Monday, October 9, 2017

OCD, Anxiety, Depression, Sleep, and More

THIS IS OCD AWARENESS WEEK. According to The International OCD Foundation, about 1 in 200 children have OCD, which the organization says is about the same number of children with diabetes. Find out more about OCD Awareness Week.

READING, MATH DIFFICULTIES CONNECTED? Education Week wrote about recent research findings indicating that students with dyslexia often have problems with math, and that interventions helping one of the difficulties might help with the other. Read more.

SENG "MINI-CONFERENCE." The organization Supporting Emotional Needs of the Gifted has scheduled a one-day conference for November 18 at Bridges Academy in Studio City, California. If you're in the LA area, find out more.

MENTAL HEALTH CARE AT THE PEDIATRICIAN'S. The Brain and Behavior Research Foundation comments on research results released last summer on the effectiveness of interventions for anxiety and depression given in the pediatrician's office. BBRF says, "Children who received this treatment responded better than those who were referred to outpatient mental health care..." and that "One way to improve access to mental health care may be by delivering it at a place where children are more likely to visit—the pediatrician’s office." Read more.

ALSO ON ANXIETY AND DEPRESSION, a new study has provided the strongest evidence to date that exposure to bullying causes mental health issues such as anxiety years later. However, the study also showed that the detrimental effects of bullying decreased over time. Find out more.

AND MORE: Teenagers who start high school before 8:30 a.m. are at higher risk of depression and anxiety, even if they're doing everything else right to get a good night's sleep, a recent study suggests. Find the study write-up.

AND MORE ON SLEEP. Australian researchers tracked over 3600 young people over seven years, finding that more than 25 percent reported sleep problems.

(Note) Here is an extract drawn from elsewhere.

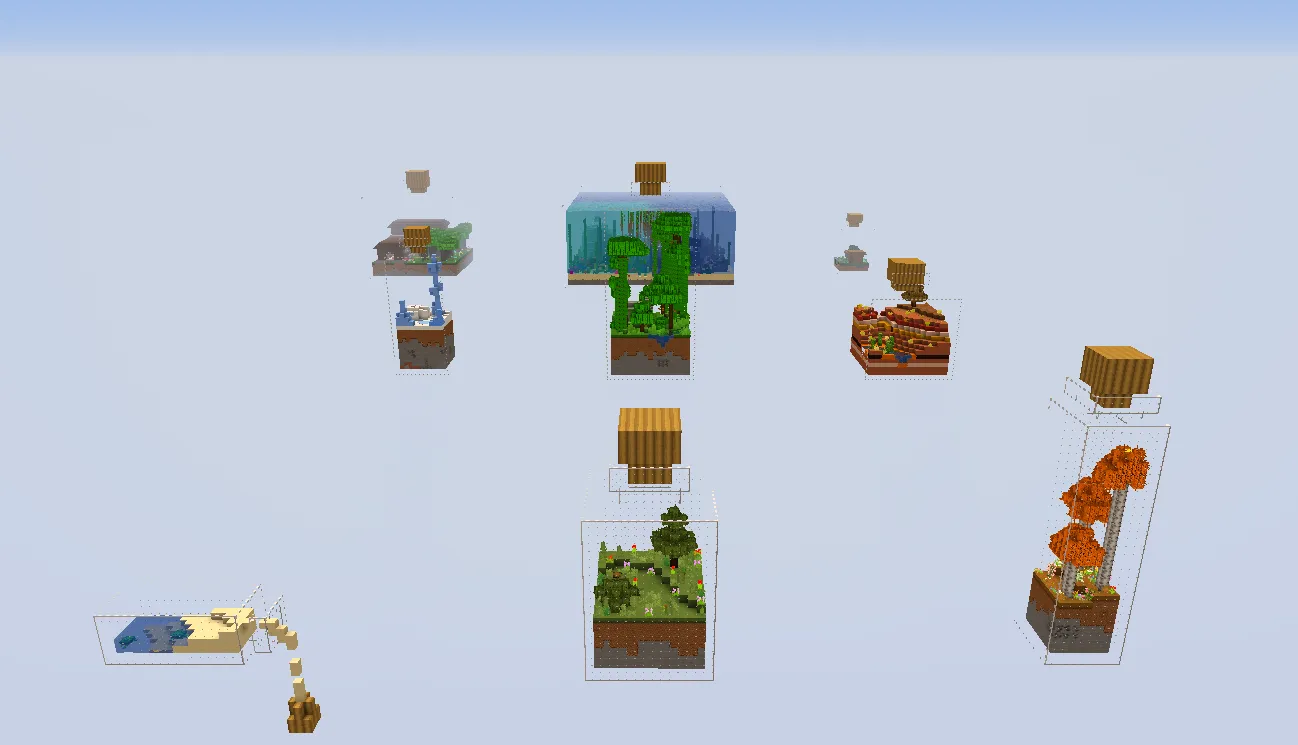 World In a Jar: REMASTERED, Карты, Minecraft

Different factors seemed to cause problems at different ages, but the researcher noted that depression and anxiety were included among the causes: "It's a vicious circle. Depression and anxiety are well-established risk factors for sleep problems and people with sleep problems are often anxious or depressed." Read more.

HOW MANY OF YOU are confident that you know how to bring up your children in exactly the right way? That's the lead-off question in a TED talk on parenting, inspired by findings in a 70-year longitudinal study of children in Britain. The parent/scientist/journalist talked about factors that seem to lead to "success" in child development -- such as parents talking to the children, or putting the children to bed at a regular time -- and also about factors working against success -- such as being born poor. However, while the line "choose your parents very carefully" got a laugh during the talk, even children born into poor circumstances were affected positively by certain parental behaviors. Find the talk, and know that (for those who read faster than they listen) there's also a transcript (although you'll miss listening to a nice British accent, which most of us in America enjoy).